"One of the interesting facts about the residential carpet cleaning industry is that although more than 90 percent of the technicians in the field cleaning are men, more than 90 percent of the residential clients they are dealing with directly are women.” Just as that statement is true in the carpet cleaning business, it is also true in the blind and drapery cleaning business. So what are important things to remember?
A women’s home is her haven filled with family treasures and memories. She treats it with love and care and so should you.
Inviting a stranger (i.e. cleaning person from the phonebook) into her home can be a fearful and uncomfortable experience.
Women are relationship-oriented and it’s important to build a relationship with your customer. Three phases should be focused on: before the job, during the job and after the job.
Her first contact is either via the internet or the phone. Does your internet site give the needed information about your company? Does the person answering the phone have a “smiling” unhurried voice able to listen to her needs and answer her questions?
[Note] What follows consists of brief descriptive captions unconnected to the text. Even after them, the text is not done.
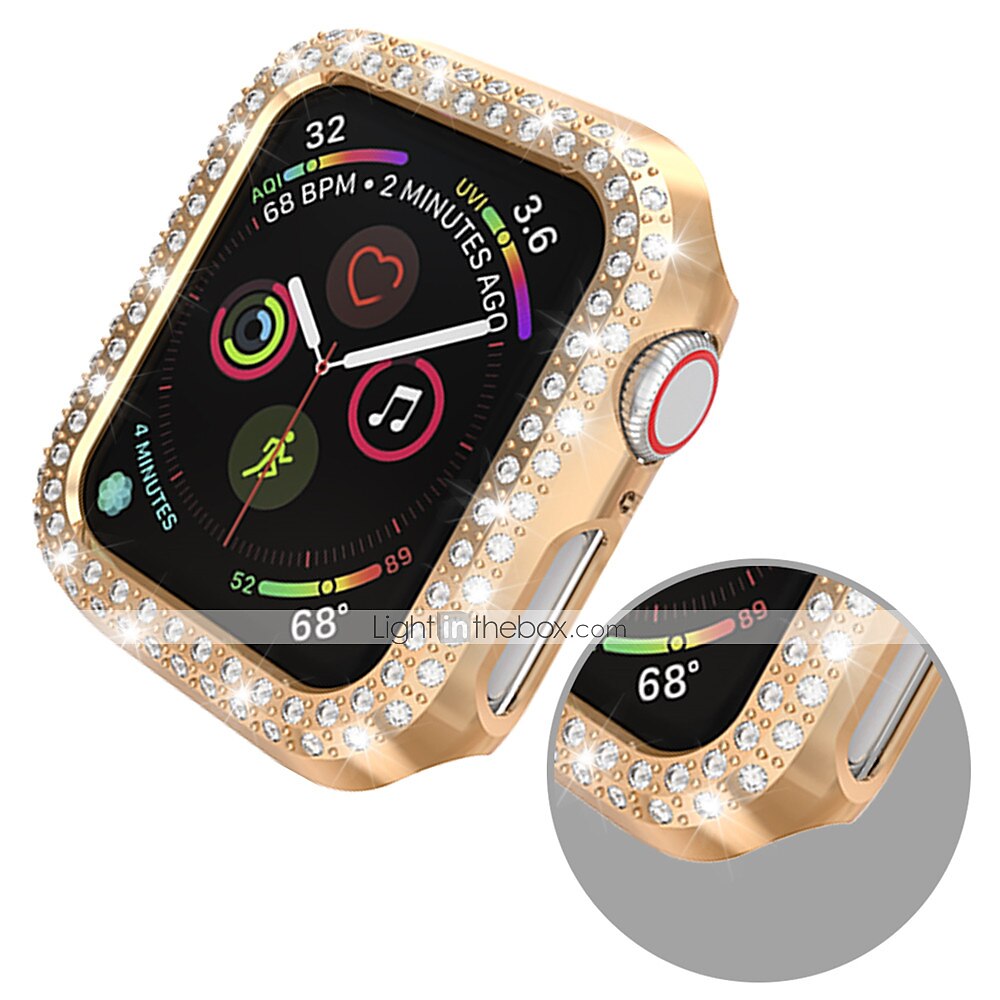 Чехол для часов Совместим с Apple Watch Series 8 7 41mm 45mm / Series 6 5 4 SE 40mm 44mm / Series 3 2 1 38mm 42mm Устойчивый к царапинам Блестящий бриллиант Защита от пыли ПК Часы Крышка 2025 - $11.99 –P12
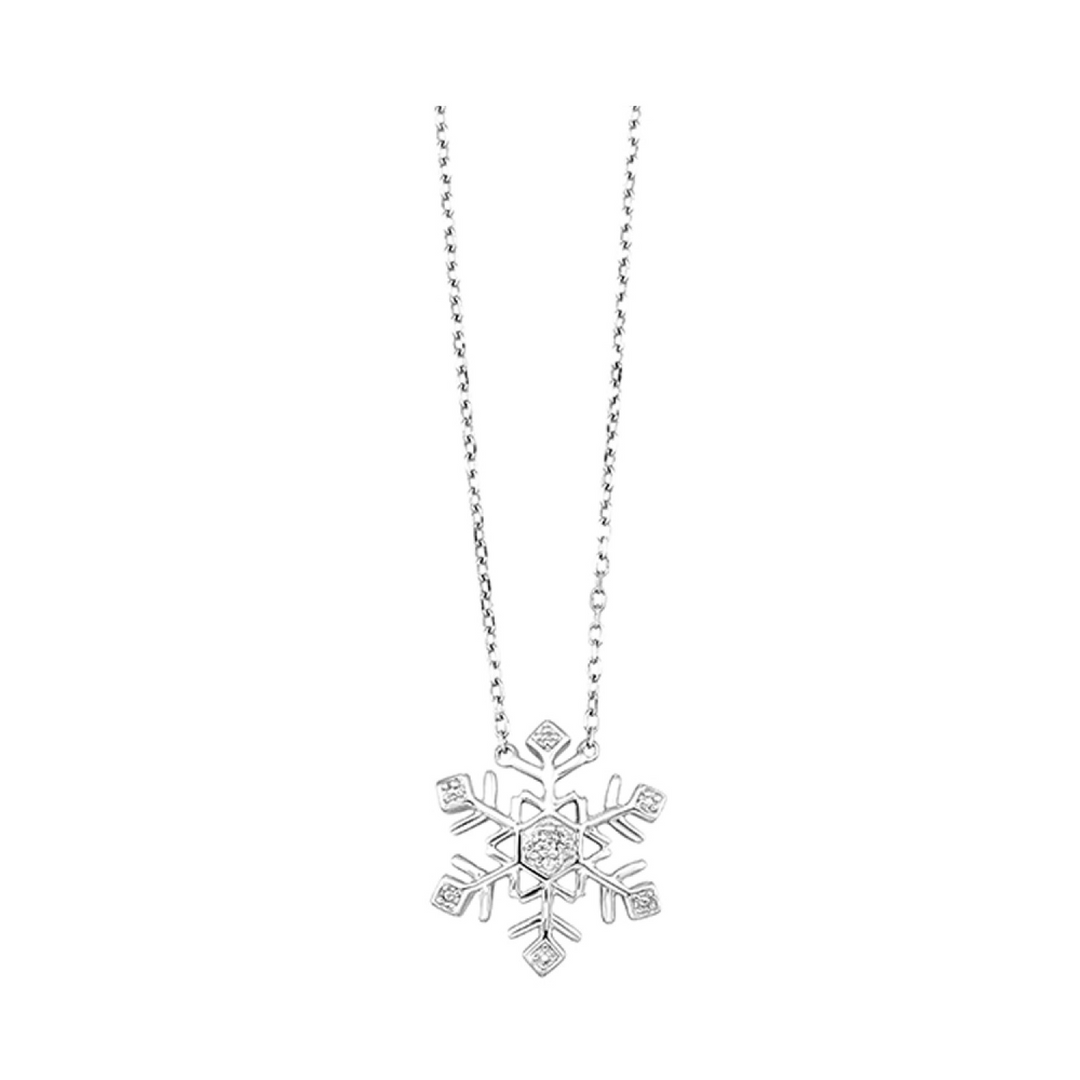 Sterling Silver Natural Diamond Snowflake Pendant Necklace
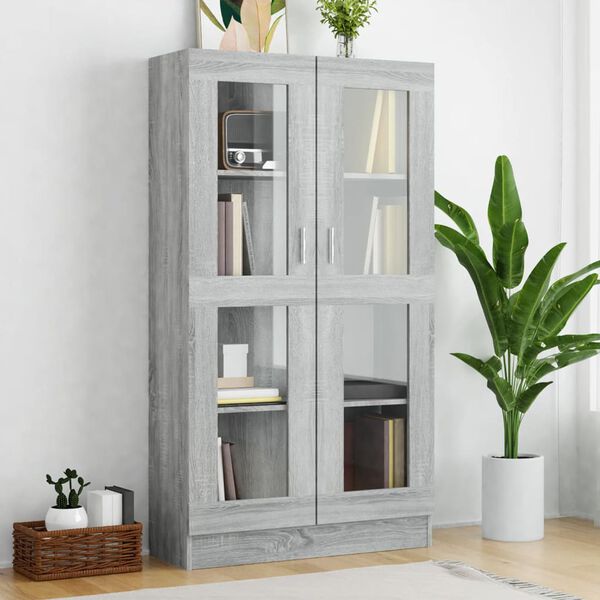 vidaXL Armoire &agrave; vitrine Sonoma gris 82,5x30,5x150cm Bois d'ing&eacute;nierie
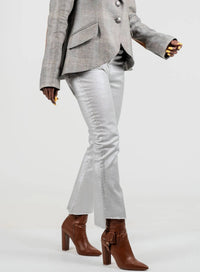 Smythe Hunting Blazer With Rectangle Elbow Patch in dove glencheck - women's jacket - view 5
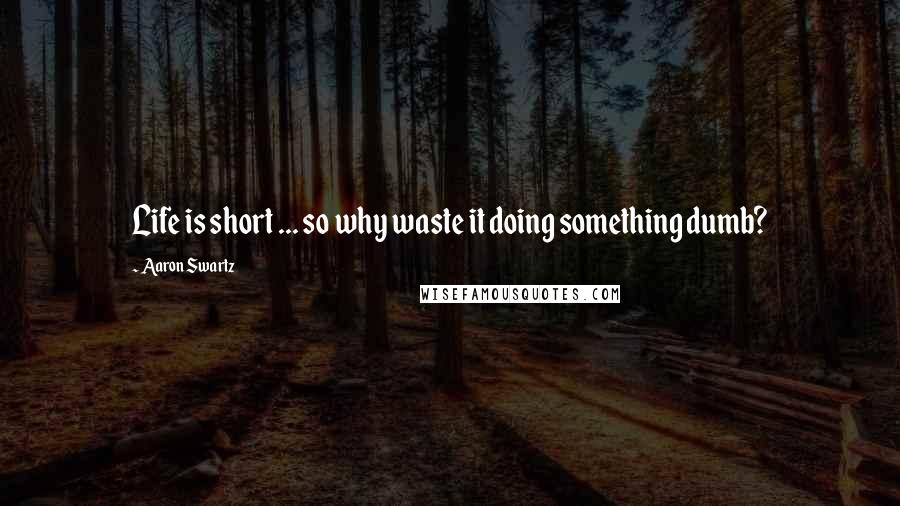 Aaron Swartz Quotes: Life is short ... so why waste it doing something dumb?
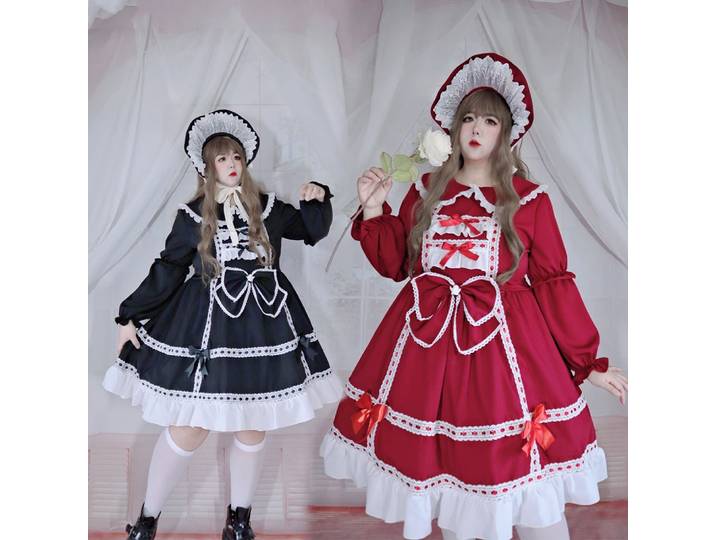Rouroudream-Robe Lolita OP, grande taille, vintage, hiver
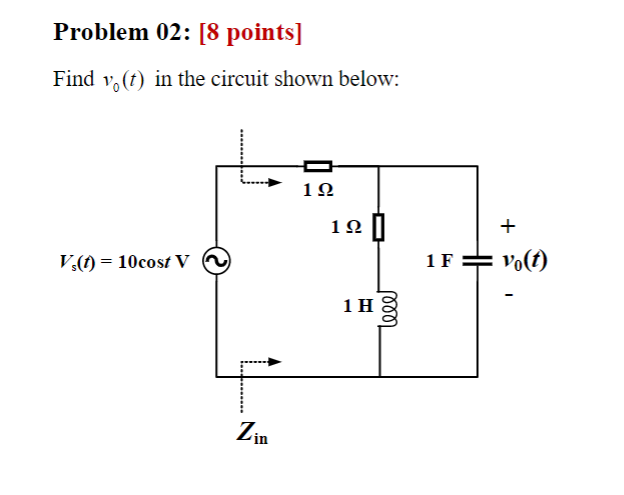 Solved Find V0 T In The Circuit Shown Below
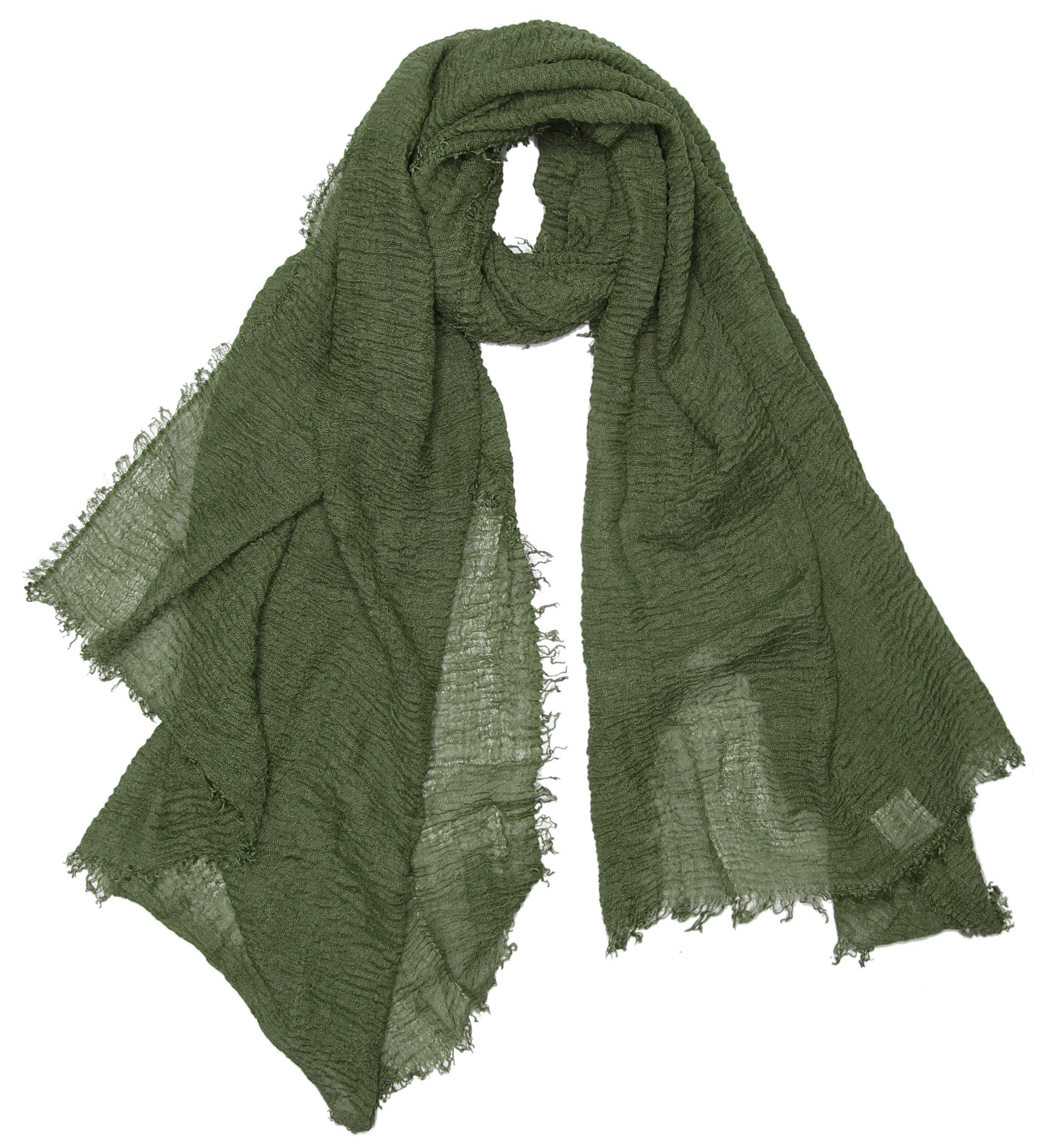 dy_mode Modeschal Damen Schal in Unifarben Halstuch Schultertuch Weicher Stoff, feine Fransen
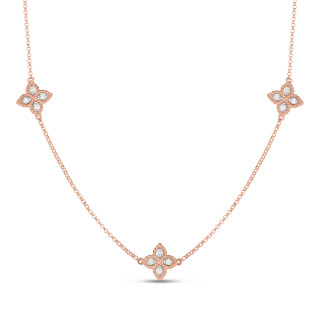 Roségold, Halsschmuck, Roberto Coin Princess Flower Halskette, Ref: ADR777CL1093_RW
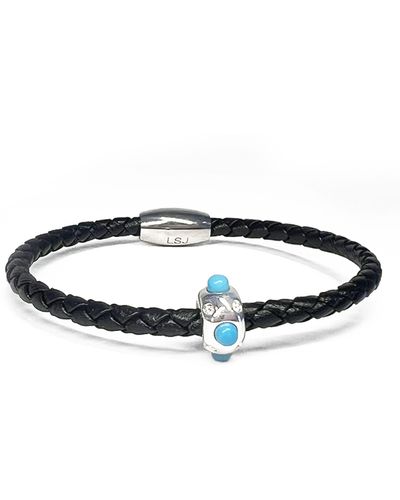 Liza Schwartz Turquoise Braided Leather Bracelet - Multicolor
When you arrive at the home, be on time, preferable in a company labeled vehicle, looking (and smelling) sharp in a company uniform. Spend the necessary time to walk-thru the house listening to her concerns, jotting down areas of concerns on paper. Show your care of her home by doing the “extras”: putting down plastic, protecting the furniture, taking off your dirty shoes, etc. Work as quickly and quietly as your job allows.
When the job is done, don’t just pack up and leave the bill. Do a post-job walk through. Point out areas where you worked on a stain but it just wouldn’t come out. Provide any after-cleaning care instructions or any concerns you have about the “life” left in the product. Follow up with a call or letter making sure they are satisfied and thanking them for their business.